How Drivers Can Cause and Prevent Accidents
In 2016, 37,461 Americans died in car accidents. This was a 5.6 percent jump over the previous year. While the causes behind these accidents can vary greatly, ranging from drunk driving to bad weather, most reasons can be reduced to human error of some kind.
Human Error and Car Accidents
There are many ways a driver can increase the possibility of a fatal car crash:
Driving distracted: The National Highway Traffic Safety Administration claims that there were 3,477 deaths that involved distracted driving in 2015. This accounts for about 10 percent of all fatal car crashes. In addition, there were 391,000 injuries that happened the same year for the same reason.
A driver can get sidetracked by numerous distractions. A case in point is how today’s technology, be it the cellphone or vehicle infotainment, can be a great source of distraction. For instance, studies have found that drivers are using their phones less to make calls and more to surf the web and text their friends. Thus, cellphones can compel a driver to take their eyes off the road. Furthermore, even technology that is supposed to aid a driver while operating their vehicle, such as voice control, can become a distraction because it forces the driver to make sure that their commands are heard correctly.
Daydreaming while driving: As distracting as tech devices can be, we don’t really need them to take our eyes off the road. Sometimes, our brains provide enough distraction to cause a crash. Statistics show that two-thirds of distracted driving accidents can be attributed to daydreaming. This means that the desire to escape boredom can actually be deadly.
Driving drowsy: Drowsiness, be it due to a lack of sleep or general fatigue, is responsible for an estimated 100,000 car accidents every year. In many cases, drowsiness is a lot like being drunk; the driver’s reflexes are slowed down, their judgment is impaired, and they are likely to nod off while at relatively high speeds. All of this can be a recipe for disaster.
Driving recklessly: Despite there being no one definition of what constitutes reckless driving, most people can agree on what does and doesn’t qualify. Put simply, any activity that needlessly endangers the lives of other motorists on the road can be considered reckless. Speeding, ignoring traffic lights, and racing other cars are all prime examples of what most people would consider reckless driving.
Driving while intoxicated: Also known as driving under the influence, this is when a driver has had too much alcohol to drink. Generally speaking, the alcohol levels in your blood must rise beyond a certain threshold (.08 percent) for you to be considered legally too drunk to drive. Similar to being drowsy, being drunk means that the driver’s perception of their surroundings is imperfect, and they become more liable to make poor decisions that endanger not only their lives but also the lives of their fellow motorists.
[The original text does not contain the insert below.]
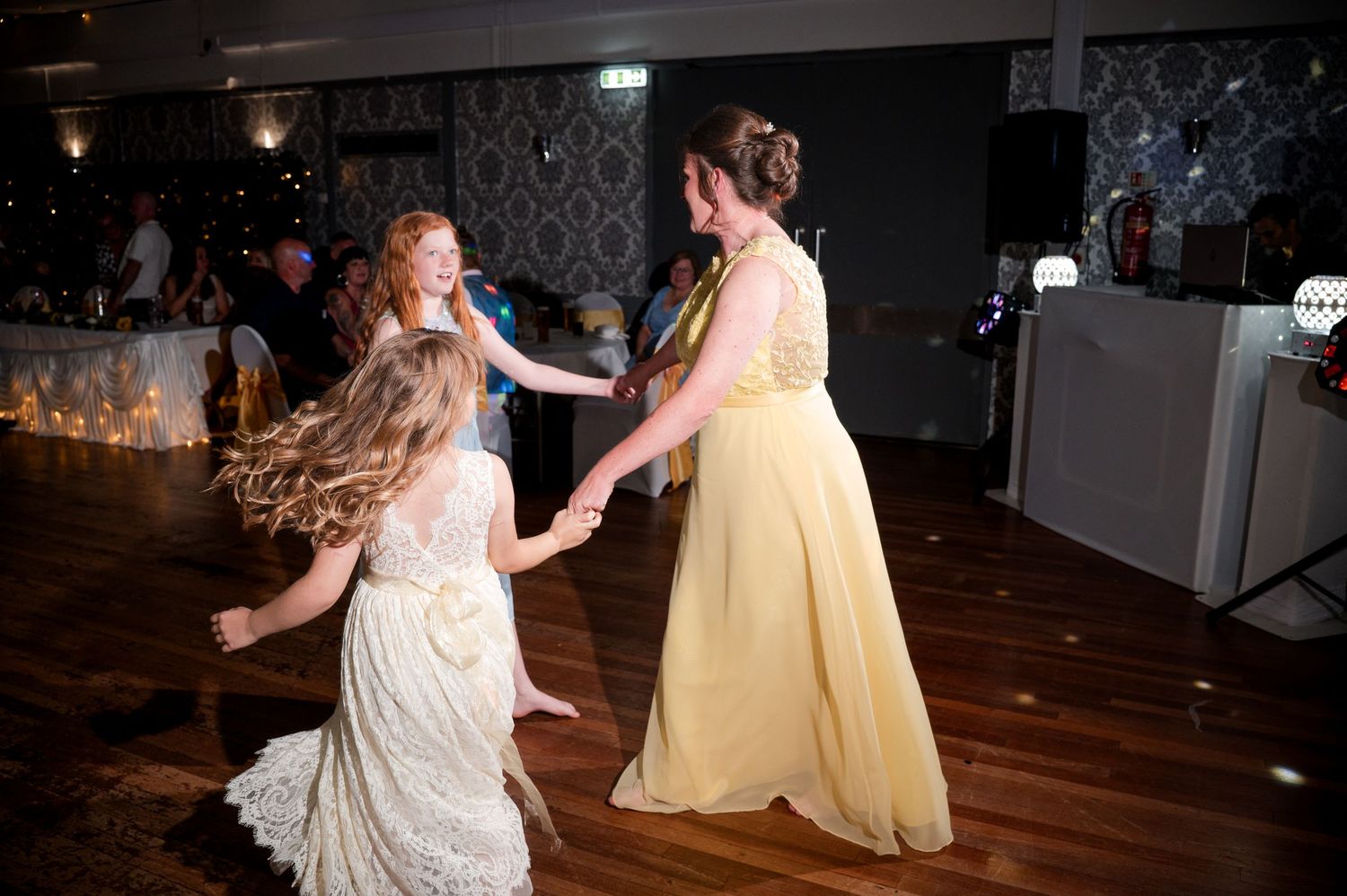 Two people in formal attire dance together on a wooden dance floor at a celebration event.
How to Prevent Accidents Caused by Human Error
Fortunately, there are many ways to make our roads safer:
Fighting distractions head on: Responsible drivers can just tuck their phones away while they’re on the open road. However, the urge to check a text or notification is often too much for some drivers. That’s why many states have laws prohibiting drivers from playing with their phones. Not surprisingly, these same states also have the lowest rates of phone usage behind the wheel.
Government officials play a role: The National Governor’s Association recently issued a report detailing the role governors can play in making our streets safer. This report highlighted the importance of improving the coordination between different state agencies and offered actionable insight that has the potential to reduce fatal accidents.
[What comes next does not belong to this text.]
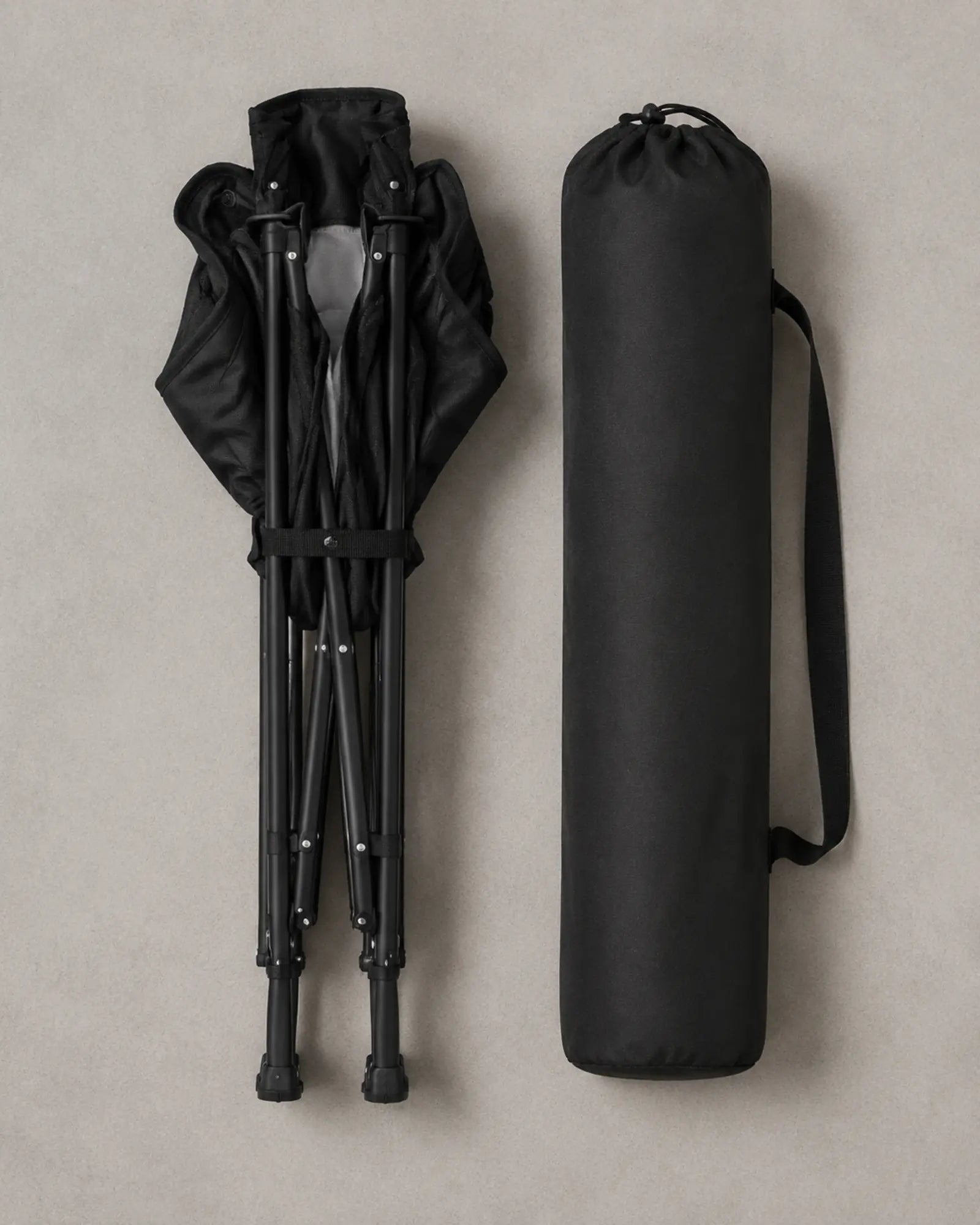 Folded rocking camping chair arranged beside its black carry bag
Car manufacturers can also help: Since car manufacturers often compete to stuff their vehicles with as much technology as possible, they are largely responsible for causing unnecessary distractions. Therefore, manufacturers need to reconsider their positions and start thinking of new ways to help keep drivers focused on the road. If anything, drivers have to contend with human nature in order to stay focused, and the last thing they need is a screen that lets them browse through their social media. Thankfully, many carmakers are taking steps forward with technology such as lane-departure warning and automatic emergency braking.